I studied writing, rhetoric (the philosophy of writing), and the teaching of writing for a good ten years to get my PhD, but I am pretty sure being married to a writer has taught me just about as much about the writing process and about how the mind works during that process.
Just as Composition researchers feared--or maybe as I feared--, there is not much order to the way the mind works, or not that I can tell. There seems to be that kind of "cooking of the soup" that Peter Elbow wrote about. I remember reading Elbow and his talk about the magical concoctions in the mind when ideas are developing, and I had serious doubts. I doubt Peter Elbow no more.
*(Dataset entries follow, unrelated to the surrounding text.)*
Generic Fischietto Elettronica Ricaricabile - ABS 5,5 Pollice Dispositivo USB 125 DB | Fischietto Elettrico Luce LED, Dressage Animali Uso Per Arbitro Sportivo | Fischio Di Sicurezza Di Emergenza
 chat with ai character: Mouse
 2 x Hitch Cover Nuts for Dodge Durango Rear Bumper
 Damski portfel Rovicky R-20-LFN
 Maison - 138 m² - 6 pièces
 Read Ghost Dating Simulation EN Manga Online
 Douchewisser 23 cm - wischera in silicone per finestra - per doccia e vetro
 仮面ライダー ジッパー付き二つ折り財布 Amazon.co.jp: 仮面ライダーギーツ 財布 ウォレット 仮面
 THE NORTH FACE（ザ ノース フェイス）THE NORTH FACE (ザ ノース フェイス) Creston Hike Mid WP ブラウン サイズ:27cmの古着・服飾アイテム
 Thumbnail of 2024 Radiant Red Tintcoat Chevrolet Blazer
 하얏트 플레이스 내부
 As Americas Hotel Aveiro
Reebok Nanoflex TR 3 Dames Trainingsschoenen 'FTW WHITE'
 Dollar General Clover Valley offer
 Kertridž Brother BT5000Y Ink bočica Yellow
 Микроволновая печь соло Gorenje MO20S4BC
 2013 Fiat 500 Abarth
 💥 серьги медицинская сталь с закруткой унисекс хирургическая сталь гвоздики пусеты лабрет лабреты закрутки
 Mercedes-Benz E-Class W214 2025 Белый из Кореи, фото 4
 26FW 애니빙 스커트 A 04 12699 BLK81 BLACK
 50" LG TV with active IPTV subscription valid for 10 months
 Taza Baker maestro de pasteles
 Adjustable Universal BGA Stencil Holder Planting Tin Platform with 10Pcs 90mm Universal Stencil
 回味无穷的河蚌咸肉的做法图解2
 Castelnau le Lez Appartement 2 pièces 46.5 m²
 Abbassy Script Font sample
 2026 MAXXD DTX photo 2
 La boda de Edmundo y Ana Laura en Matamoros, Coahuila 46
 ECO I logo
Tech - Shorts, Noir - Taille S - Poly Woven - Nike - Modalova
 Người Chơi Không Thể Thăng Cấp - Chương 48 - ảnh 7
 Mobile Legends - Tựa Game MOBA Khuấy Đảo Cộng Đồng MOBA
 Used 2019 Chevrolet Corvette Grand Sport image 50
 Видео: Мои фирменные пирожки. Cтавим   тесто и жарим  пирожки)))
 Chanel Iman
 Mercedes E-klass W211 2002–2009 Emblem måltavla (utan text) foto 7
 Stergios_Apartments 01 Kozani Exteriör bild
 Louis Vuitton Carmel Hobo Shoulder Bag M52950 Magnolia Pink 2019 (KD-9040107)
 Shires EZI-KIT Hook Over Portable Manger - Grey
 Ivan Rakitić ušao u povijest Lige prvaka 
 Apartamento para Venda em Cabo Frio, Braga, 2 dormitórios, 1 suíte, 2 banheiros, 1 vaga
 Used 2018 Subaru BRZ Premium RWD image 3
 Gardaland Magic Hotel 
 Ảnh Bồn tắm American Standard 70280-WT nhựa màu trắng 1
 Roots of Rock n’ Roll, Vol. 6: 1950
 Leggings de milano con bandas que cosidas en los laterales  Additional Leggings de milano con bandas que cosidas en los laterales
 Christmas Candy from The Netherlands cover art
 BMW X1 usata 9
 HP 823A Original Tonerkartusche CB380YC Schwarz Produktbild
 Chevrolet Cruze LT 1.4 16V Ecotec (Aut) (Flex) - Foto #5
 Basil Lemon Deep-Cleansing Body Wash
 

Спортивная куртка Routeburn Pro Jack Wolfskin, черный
My husband has a gifted mind in many ways, but he is especially gifted when it comes to language and the manipulation of language. I guess that is why he writes such wonderful poetry. I like to study him. I wonder where this gift comes from. Is it something he was born with? Is it something he developed? I am sure it is both. He read so much as a child. That had to do wonders for his little mind.
I like to watch his process. It is much as Donald Murray and Peter Elbow describe. He gets ideas, and then he lets them "simmer." The funny thing is that sometimes things "cook up" quickly; other times, things must "simmer" a long while.
Either way, I notice that he is the kind of writer who gets through many drafts in his head. This is a lot like me. When things finally go to print, they have gone through many drafts in my head. Some writers put down much rougher ideas and then go through a lengthy revision process. My husband still revises, but things seem to have be worked over quite a bit before he writes them down.
I wonder how this applies to my teaching of writing, and I think this. I think I have to understand that some of my students will not have as much process as others, and this is not necessarily a bad thing. I think, sometimes, writing teachers get so caught up in measuring the process. We certainly need to do this. We have to have something to work with. However, I think we also have to be more understanding of the fact that there are things going on in the minds of writers that we will NEVER be able to teach or measure or assess. That is a tough thing to write, but here at now 12:22 in the A.M., this seems like truth to me.
OK, I think that is it for my first post. I hear him whispering some words. I am hoping I am about to get my "reading."
Nice post professor. I found it very interesting.